Q.: I have a problem with concrete segregation that appears to be related to the coarse aggregate. When we use crushed stone from one source the concrete segregates in the chute of the mixer truck. When we use stone from another source we get no segregation. Both aggregates meet the ASTM C 33 grading specifications. I would like to find some way to use the stone that causes segregation because it costs less and it is closer to the plant. The concrete is air-entrained and we use the same sand in both mixes.
A.: You do not say anything about mix proportions. Possibly you are using the same ratio of coarse to fine aggregate for both coarse aggregates. Even though both aggregates fall within the ASTM C 33 limits there may be a considerable difference between their two gradings. Very likely the two aggregates also differ somewhat in angularity. Either or both of these would mean that each one has its own best ratio of stone to sand. We suspect that the mix which you say segregates is a harsh mix that contains too little sand.
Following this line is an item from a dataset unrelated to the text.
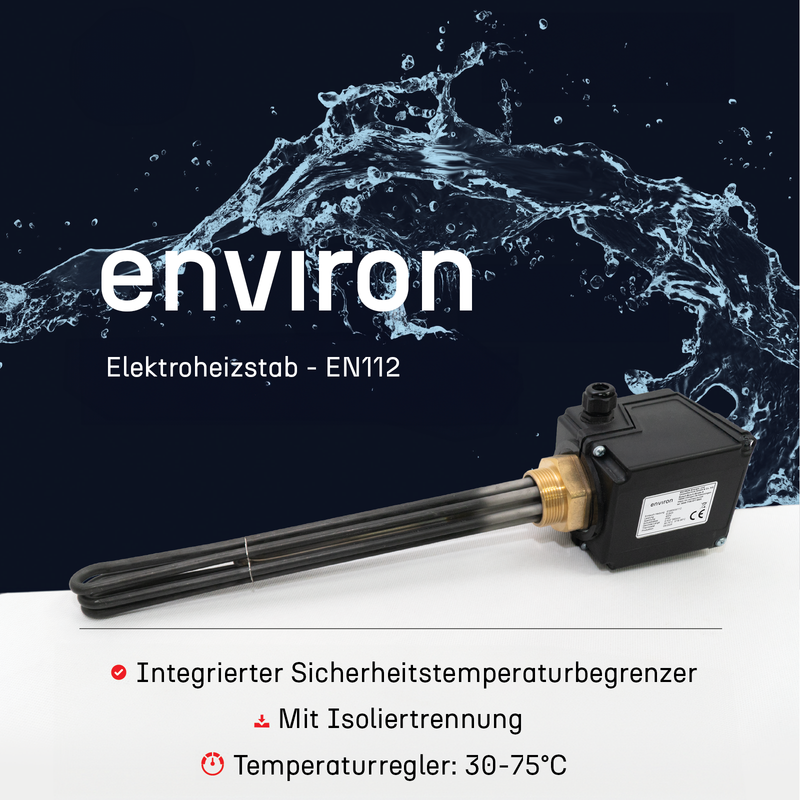 Elektroheizstab 2,5 kW – Thermostat & Isoliertrennung – 230V – 1½" AG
Increasing the sand content may not turn out to be the only way or the best way to improve the mix. Possibly you could adjust the grading of the problem aggregate so that it more nearly resembles that of the better aggregate. If you could find some third source of aggregate, perhaps an aggregate of an intermediate size, you might be able to add a small amount of it in place of some of the problem aggregate and thereby improve the total grading. Experimenting this way with laboratory size trial mixes might lead to an easy and inexpensive solution.